=== Begin Enclosure ===
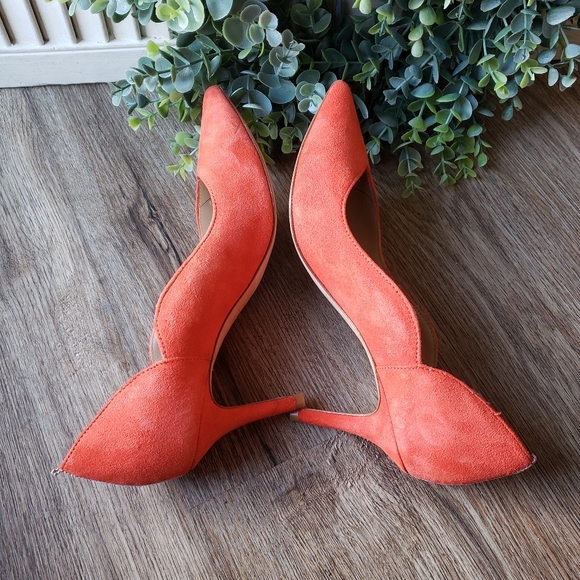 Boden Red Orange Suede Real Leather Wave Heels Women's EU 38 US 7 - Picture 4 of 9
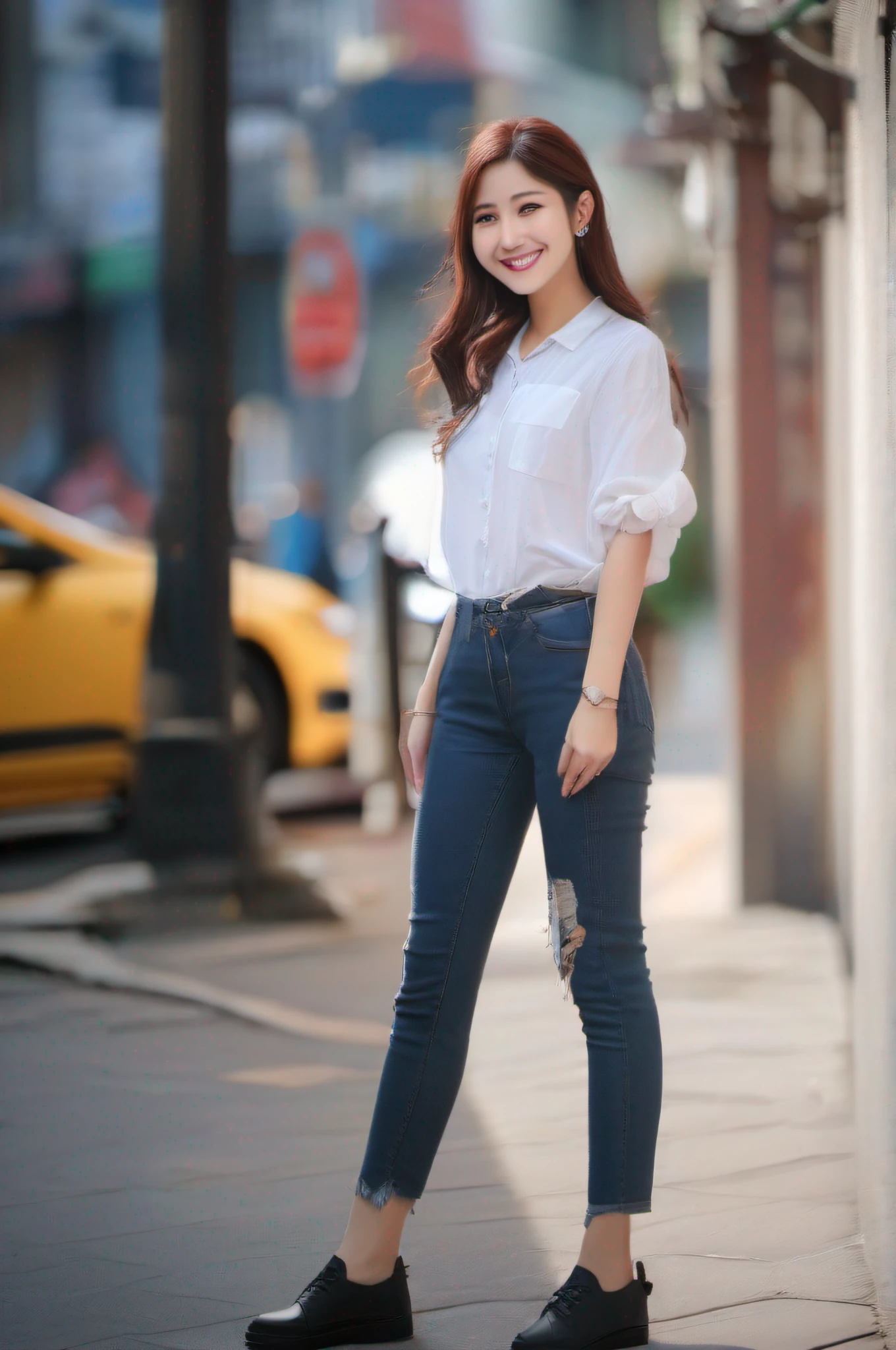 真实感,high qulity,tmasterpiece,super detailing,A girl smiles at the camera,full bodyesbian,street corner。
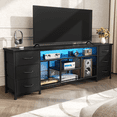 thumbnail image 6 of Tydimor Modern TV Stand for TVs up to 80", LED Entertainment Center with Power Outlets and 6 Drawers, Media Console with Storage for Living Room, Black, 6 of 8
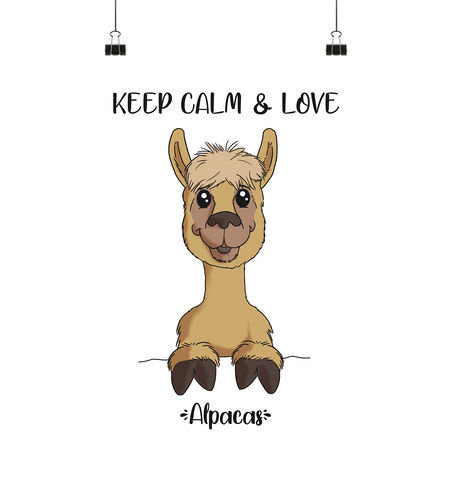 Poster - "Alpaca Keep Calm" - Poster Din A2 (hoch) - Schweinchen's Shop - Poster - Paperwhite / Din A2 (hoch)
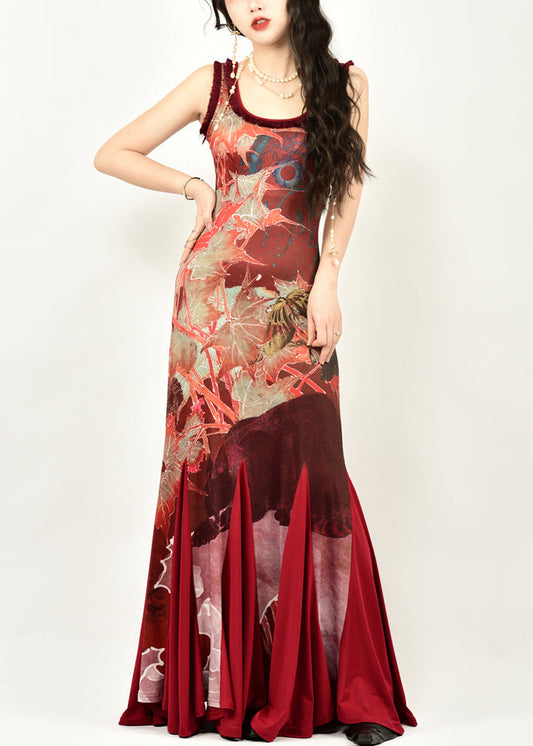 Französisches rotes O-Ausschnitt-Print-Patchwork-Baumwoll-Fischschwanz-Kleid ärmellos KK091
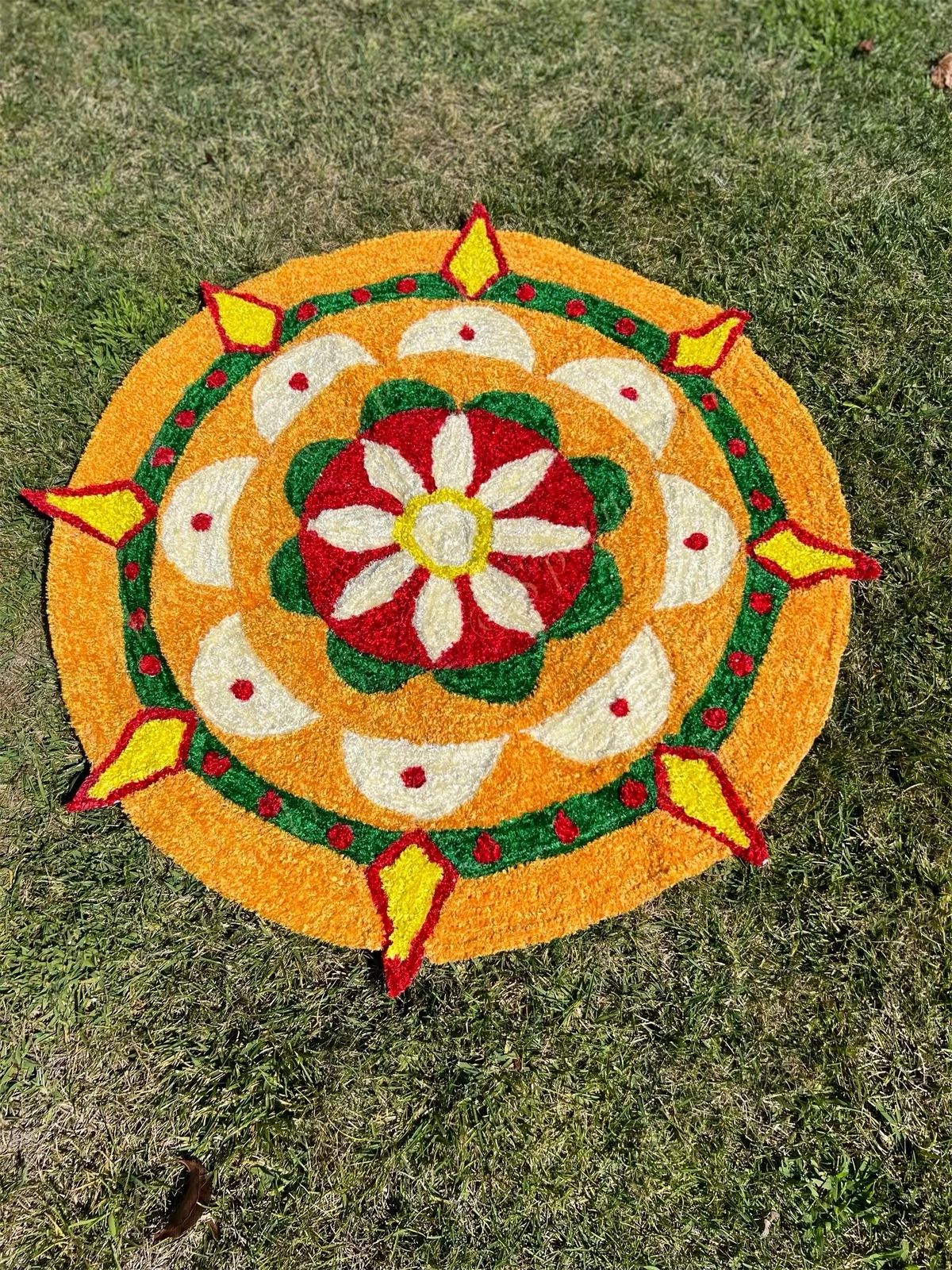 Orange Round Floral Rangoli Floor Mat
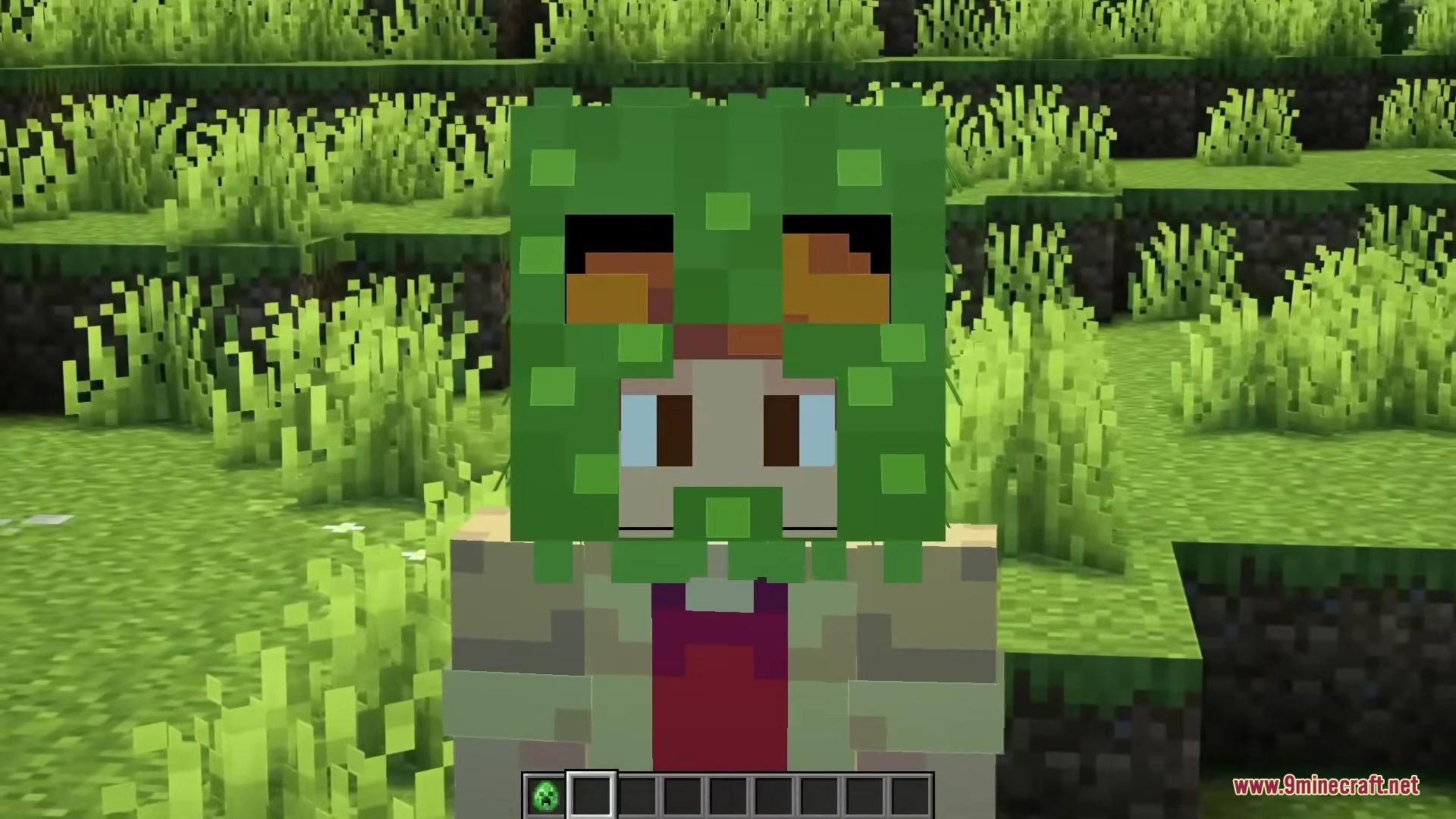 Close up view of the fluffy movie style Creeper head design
=== End Enclosure ===
▸ **Your objective**
Set down the records above exactly, leaving out pictures.

▸ **Solved exercise**
 Boden Red Orange Suede Real Leather Wave Heels Women's EU 38 US 7 - Picture 4 of 9
 真实感,high qulity,tmasterpiece,super detailing,A girl smiles at the camera,full bodyesbian,street corner。
 thumbnail image 6 of Tydimor Modern TV Stand for TVs up to 80", LED Entertainment Center with Power Outlets and 6 Drawers, Media Console with Storage for Living Room, Black, 6 of 8
 Poster - "Alpaca Keep Calm" - Poster Din A2 (hoch) - Schweinchen's Shop - Poster - Paperwhite / Din A2 (hoch)
 Französisches rotes O-Ausschnitt-Print-Patchwork-Baumwoll-Fischschwanz-Kleid ärmellos KK091
 Orange Round Floral Rangoli Floor Mat
 Close up view of the fluffy movie style Creeper head design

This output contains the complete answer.